A microscopic multicellular organism has come to life after being frozen for 24,000 years in Siberia, new research shows.
Scientists have unearthed an animal known as a bdeloid rotifer from the Alaeza River in the Russian Arctic.
Once thawed, it was able to reproduce asexually after spending thousands of years in a state of frozen animation known as cryobiosis.
Previous research says they can survive frozen for up to 1
A new study published in Current Biology on Monday suggests they could last for thousands of years, if not indefinitely.
“The bottom line is that the multicellular organism can be frozen and stored as such for thousands of years and then come back to life – the dream of many fiction writers,” said Stas Malavin of the Russian Institute of Physicochemical and Biological Problems in Soil Science. the association.
He said more research is needed to see how he accomplished the feat.

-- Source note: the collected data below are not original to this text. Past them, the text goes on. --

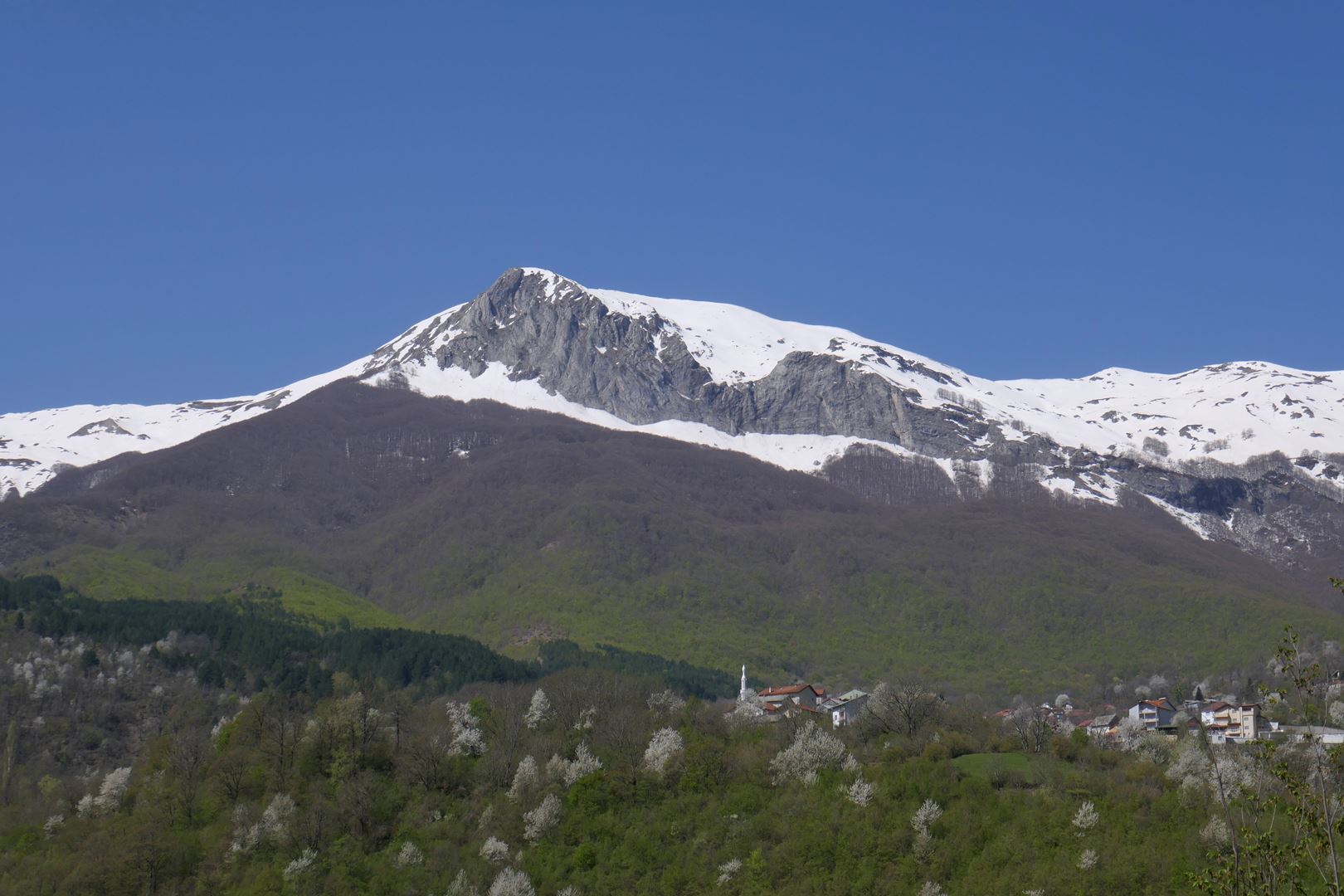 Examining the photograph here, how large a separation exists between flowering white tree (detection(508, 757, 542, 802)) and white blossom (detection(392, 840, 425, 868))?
628 cm

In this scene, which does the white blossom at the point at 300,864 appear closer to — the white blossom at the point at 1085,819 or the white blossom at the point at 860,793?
the white blossom at the point at 860,793

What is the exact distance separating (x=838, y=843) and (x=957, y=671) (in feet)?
373

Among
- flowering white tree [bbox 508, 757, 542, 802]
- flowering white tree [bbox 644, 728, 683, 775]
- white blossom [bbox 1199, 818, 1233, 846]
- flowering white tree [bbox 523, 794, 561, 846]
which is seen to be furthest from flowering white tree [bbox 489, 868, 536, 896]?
white blossom [bbox 1199, 818, 1233, 846]

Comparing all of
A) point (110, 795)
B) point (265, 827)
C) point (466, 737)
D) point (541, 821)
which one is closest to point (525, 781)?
point (541, 821)

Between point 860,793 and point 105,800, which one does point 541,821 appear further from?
point 105,800

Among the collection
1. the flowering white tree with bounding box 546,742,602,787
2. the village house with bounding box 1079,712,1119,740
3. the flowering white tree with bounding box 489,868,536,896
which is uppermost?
the flowering white tree with bounding box 546,742,602,787

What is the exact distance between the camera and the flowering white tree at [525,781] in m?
81.8

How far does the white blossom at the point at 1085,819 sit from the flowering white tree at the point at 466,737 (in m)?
36.0

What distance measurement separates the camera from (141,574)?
189m

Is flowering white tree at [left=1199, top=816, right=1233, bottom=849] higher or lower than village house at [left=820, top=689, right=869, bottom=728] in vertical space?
lower

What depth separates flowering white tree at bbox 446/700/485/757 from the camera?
294 ft

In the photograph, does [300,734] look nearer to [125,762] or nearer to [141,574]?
[125,762]

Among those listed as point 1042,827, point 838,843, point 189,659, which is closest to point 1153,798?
point 1042,827

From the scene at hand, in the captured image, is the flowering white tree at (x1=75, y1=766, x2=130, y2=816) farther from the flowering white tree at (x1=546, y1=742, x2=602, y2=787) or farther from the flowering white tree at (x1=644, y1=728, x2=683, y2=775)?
the flowering white tree at (x1=644, y1=728, x2=683, y2=775) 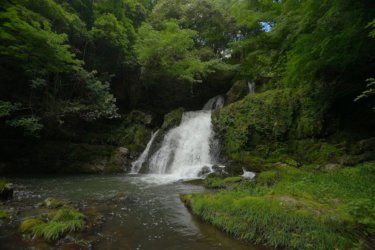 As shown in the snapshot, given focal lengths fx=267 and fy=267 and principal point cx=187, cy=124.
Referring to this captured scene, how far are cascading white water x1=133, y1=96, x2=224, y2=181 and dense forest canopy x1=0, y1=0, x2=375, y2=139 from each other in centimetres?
367

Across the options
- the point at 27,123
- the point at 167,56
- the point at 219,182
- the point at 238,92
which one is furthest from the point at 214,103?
the point at 27,123

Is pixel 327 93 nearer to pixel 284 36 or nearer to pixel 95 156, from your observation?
pixel 284 36

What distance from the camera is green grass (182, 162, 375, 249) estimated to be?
4660 mm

The researchers in the study froze and thawed dozens of animals in a laboratory to study the process.
Radiocarbon dating matures the bdelloid rotifer between 23,960 and 24,485 years.
Bdelloid rotifers are a class of rotifers found in freshwater environments around the world. The name rotifer comes from the Latin, which means “bearer of wheels”.
Creatures are known for their ability to withstand extremes. They are among the most resistant to radioactive animals on Earth, according to the New York Times, which reports that they can withstand low oxygen content, hunger, high acidity and years of dehydration.
Other multicellular organisms have been reported to come to life after thousands of years, including the nematode worm, as well as some plants and mosses.